In the beginning of the Internet revolution, being connected was all about
the simple hyperlink. Like magic with one click a Web browser could be
transported anywhere on the Internet that content lives.
But what about context? What about connecting related information and
content in a semantic context? The hyperlink of the early era isn’t
enough.
Enter Microformats, which offer the promise of helping Web
content owners enable users to connect the disparate dots that connect
content in a semantic way. To be more precise and borrowing from the
official Microformats.org definition, “Microformats are small bits of HTML
that represent things like people, events, tags, etc. in Web pages.”
Though the term “microformats” may not yet be mainstream, mainstream vendors
have taken notice. Big names like Technorati, Mozilla, IBM, Microsoft,
Google, Digg, and Yahoo among countless others are all at work trying to
make microformats work. By some estimates there are already hundreds of
millions of microformatted pieces of information online.
“At this point, nearly every Web designer that learns about microformats
starts using them,” Tantek Çelik,
chief technologist at Technorati and co-founder of Microformats.org, told
InternetNews.com. “Because microformats require only some HTML
authoring ability, millions of Web authors and designers are able to use
them immediately.
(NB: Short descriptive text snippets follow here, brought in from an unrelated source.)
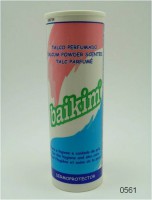 Pó de Talco Baikim Perfumado 200gr  C/12un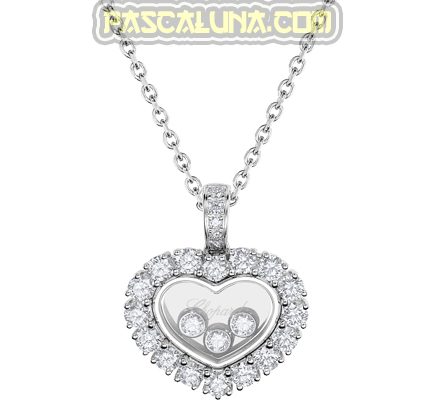 Happy Diamonds Icons Joaillerie Pendant Chopard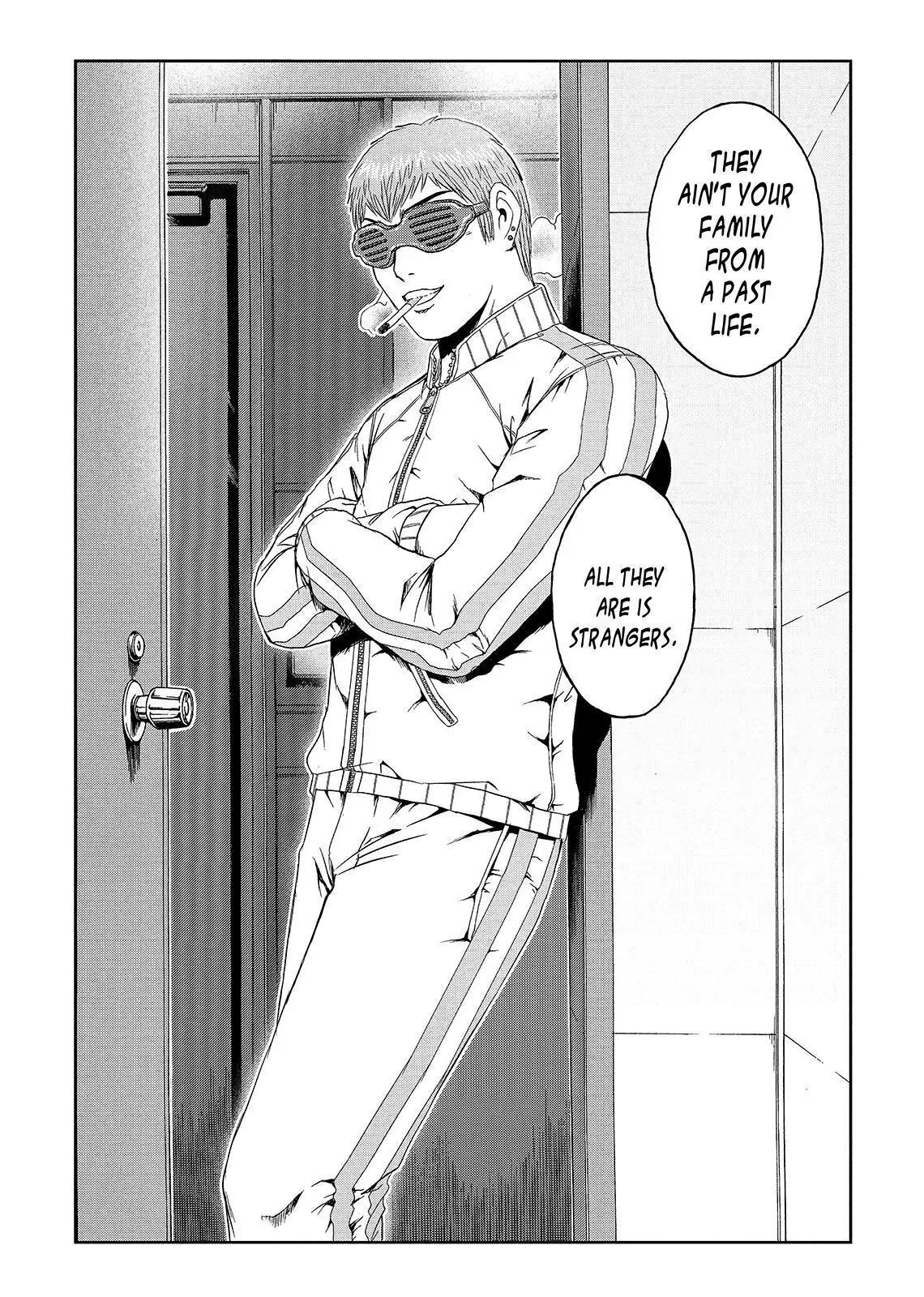 GTO - Paradise Lost Chapter 55 page 8 - Chapter 55: @ a Love Hotel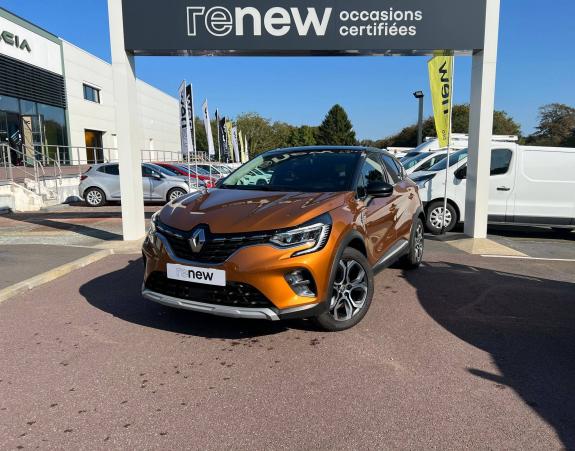 Vente en ligne Renault Captur  TCe 100 GPL au prix de 16 490 €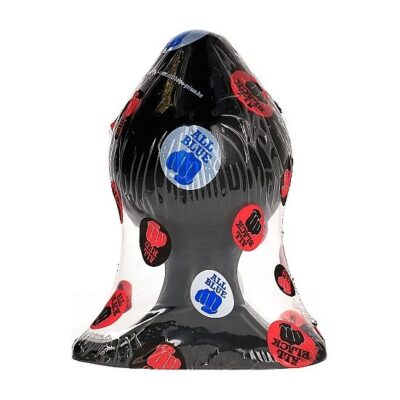Tudo preto - plugue 16,5 cm all black caliente. Pt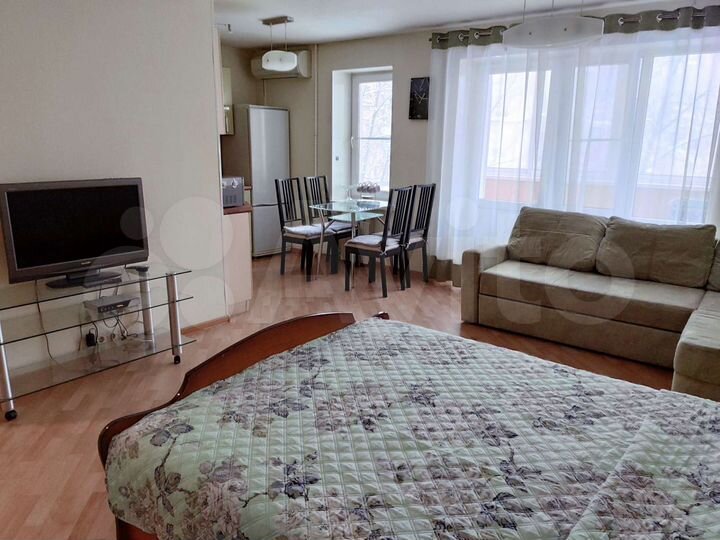 1-к. квартира, 40 м², 3/5 эт.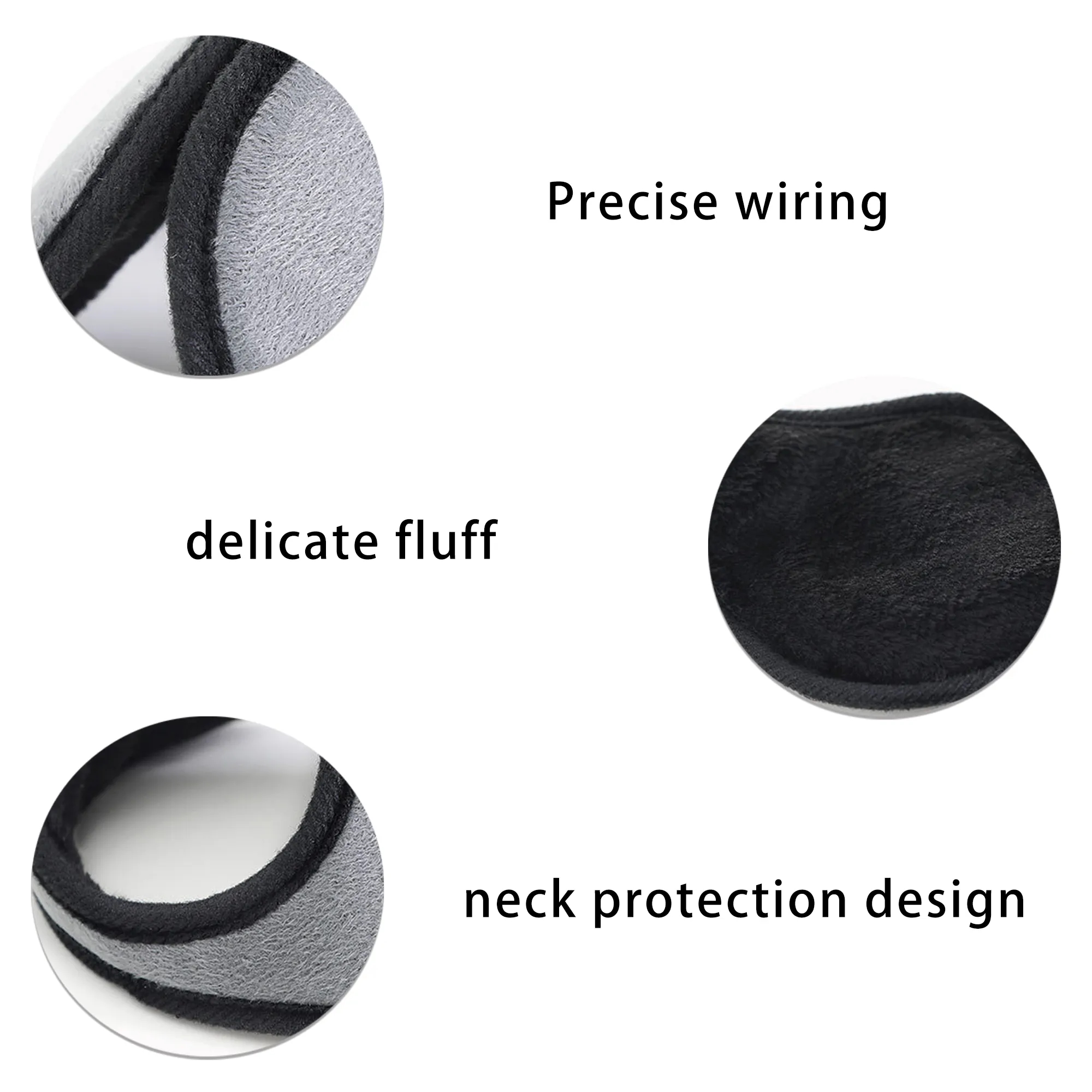 Winter Unisex Warm Earmuff 5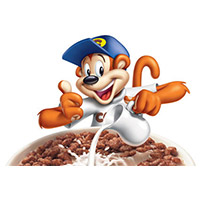 Coco the Monkey by Coco Pops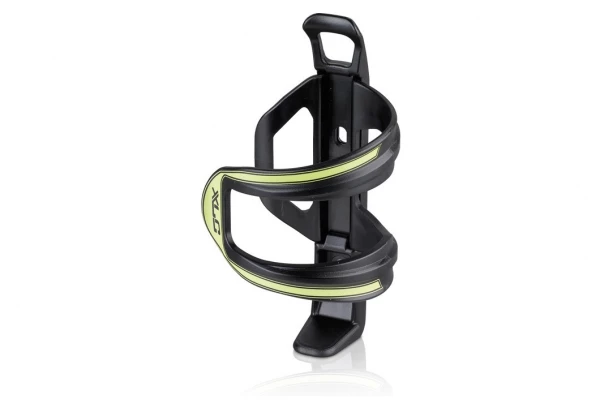 Porte-Bidon XLC BC-S06 Latéral Plastique Noir/Vert Noir / Vert 5 Porte-Bidon XLC BC-S06 Latéral Plastique Noir/Vert Noir / Vert – Image 3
This is a much lower barrier to entry than many previous
Web technologies, such as XML and RSS, which require the skills of a
programmer.”
Where are microformats used today?
Technorati uses microformats throughout its products, including its main blog
search portal. Technorati tags are built from the rel-tag
microformat, which enables bloggers to “tag” their individual blog posts with
categories/keywords relevant to the posts in a visible manner. Technorati
also publishes microformats, like hCard on its contact page and on users’
profile pages in support of social-network portability.
The new Digg user profiles support the hCard microformat, as do the new
Google Sharing user profiles. Yahoo’s Flickr photo-sharing site also
extensively makes use of microformats, including hCard, as well as adr and
geo specifications for locations.
Microformats.org currently recognizes nine specifications for microformats:
hCalendar, hCard, rel-license, rel-nofollow, rel-tag, VoteLinks, XFN,
XMDP and XOXO. There are drafts for 11 additional specifications, some of
which are already in wide use: adr, geo hAtom, hResume, hReview,
rel-directory, rel-enclosure, rel-home, rel-payment, robots exclusion
and xFolk.
Though microformats enable semantic Web connections, Mozilla’s User
Experience Designer Alex Faaborg explained that microformats are sometimes
referred to as the lower-case semantic Web, since they are not as complex or as
expressive as RDF (define) and OWL (define).
“While microformats are less formal, they are also easier to author, and the
semantic information is human readable, in addition to being machine
readable,” Faaborg said. “But it isn’t about one approach being better than
the other, as much as each approach being useful in different situations.”
Technically speaking, though microformats and the Semantic Web are now
actually interoperable as the W3C has announced that GRDDL (Gleaning Resource Descriptions from Dialects of Languages) now extracts data from microformats and make it part of the Semantic Web.